------ Supplied material

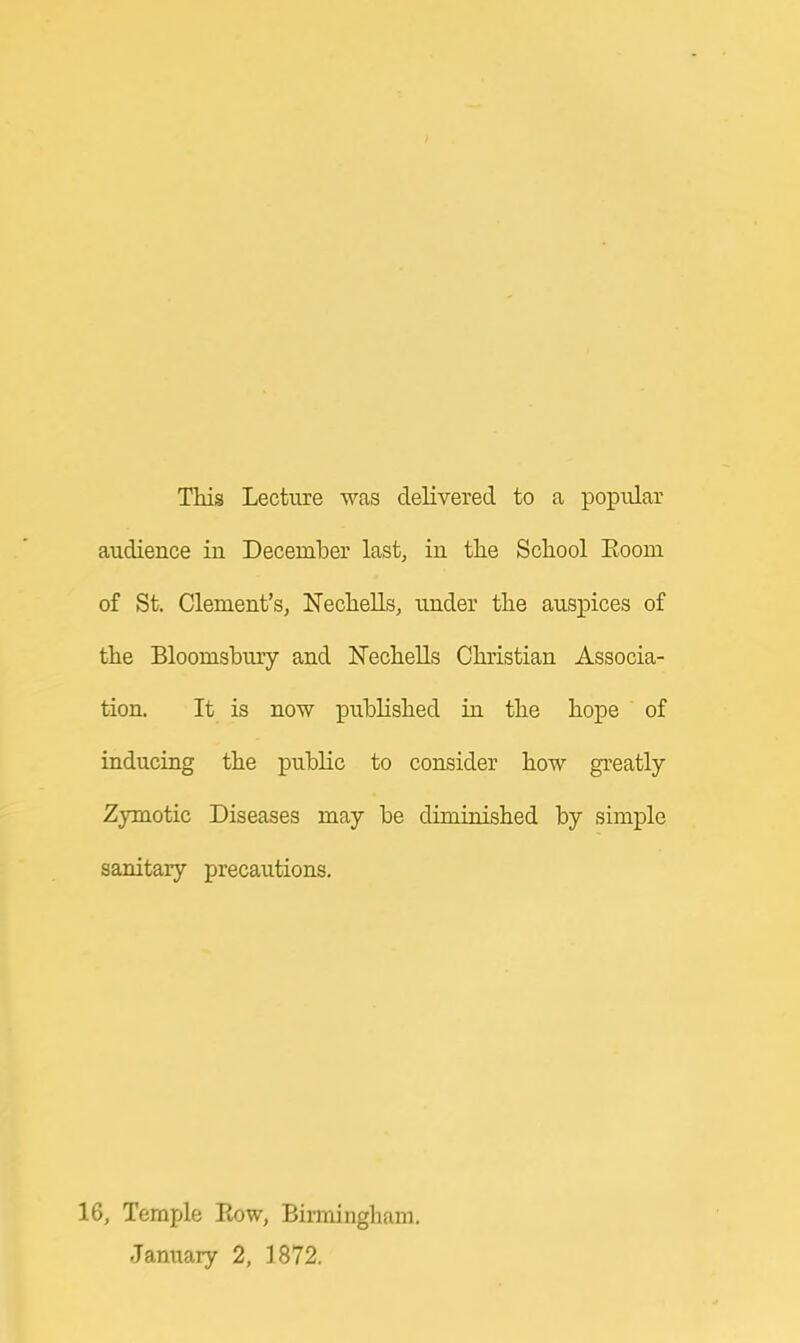 This Lecture was delivered to a popular audience in December last, in the School Eoorn of St. Clement's, Nechells, under the auspices of the Bloomsbury and Nechells Christian Associa- tion. It is now published in the hope of inducing the public to consider how greatly Zymotic Diseases may be diminished by simple sanitary precautions. 16, Temple Eow, Birmingham. January 2, 1872.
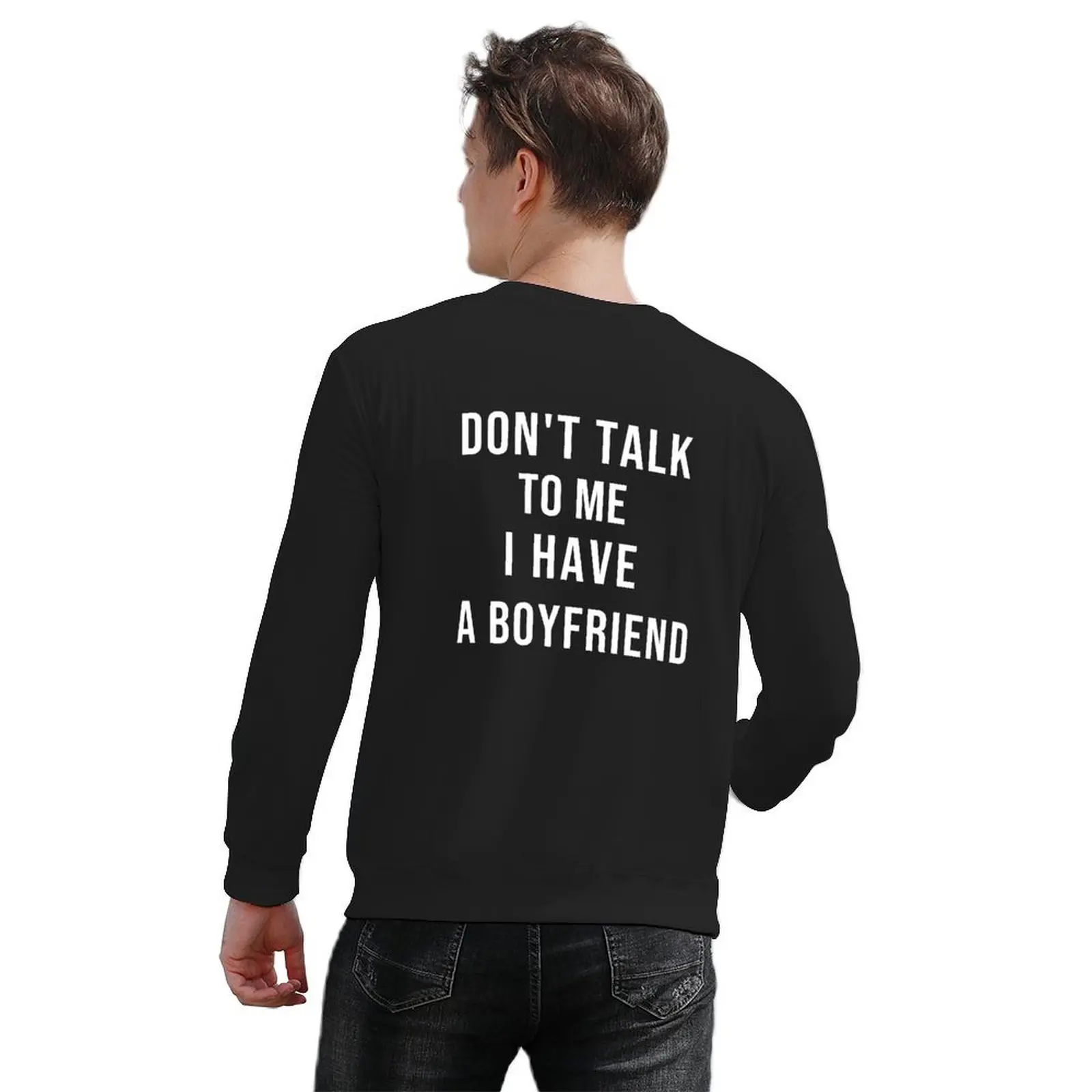Não fale comigo, eu tenho um namorado pulôver masculino usar outono moda masculina roupas masculinas moletom com capuz para homem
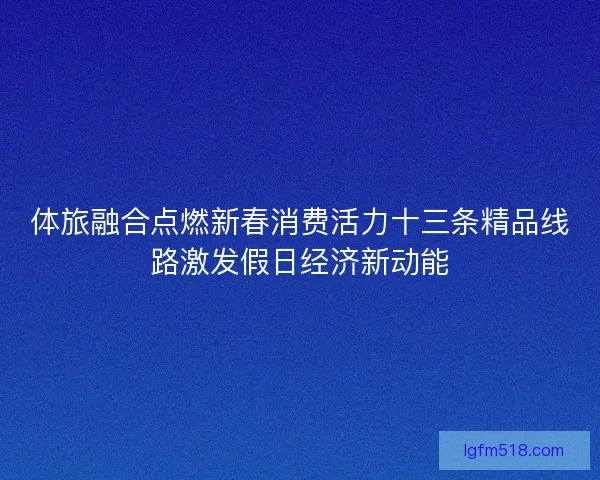 体旅融合点燃新春消费活力十三条精品线路激发假日经济新动能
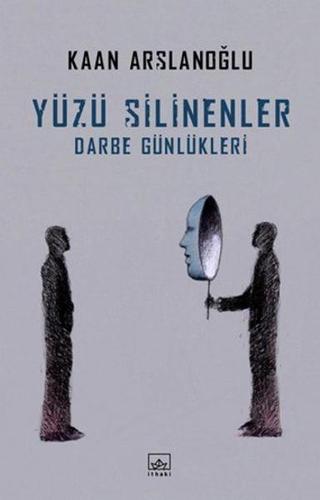 Yüzü Silinenler-Darbe Günlükleri - Kaan Arslanoğlu - İthaki Yayınları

------------

> _Task directions_
Retype, word for word, only the lines from the line with "Não fale comigo, eu" to the final line of the listing above; the pictures do not belong in the copy.

> _Result of the exercise_
Não fale comigo, eu tenho um namorado pulôver masculino usar outono moda masculina roupas masculinas moletom com capuz para homem
 体旅融合点燃新春消费活力十三条精品线路激发假日经济新动能
 Yüzü Silinenler-Darbe Günlükleri - Kaan Arslanoğlu - İthaki Yayınları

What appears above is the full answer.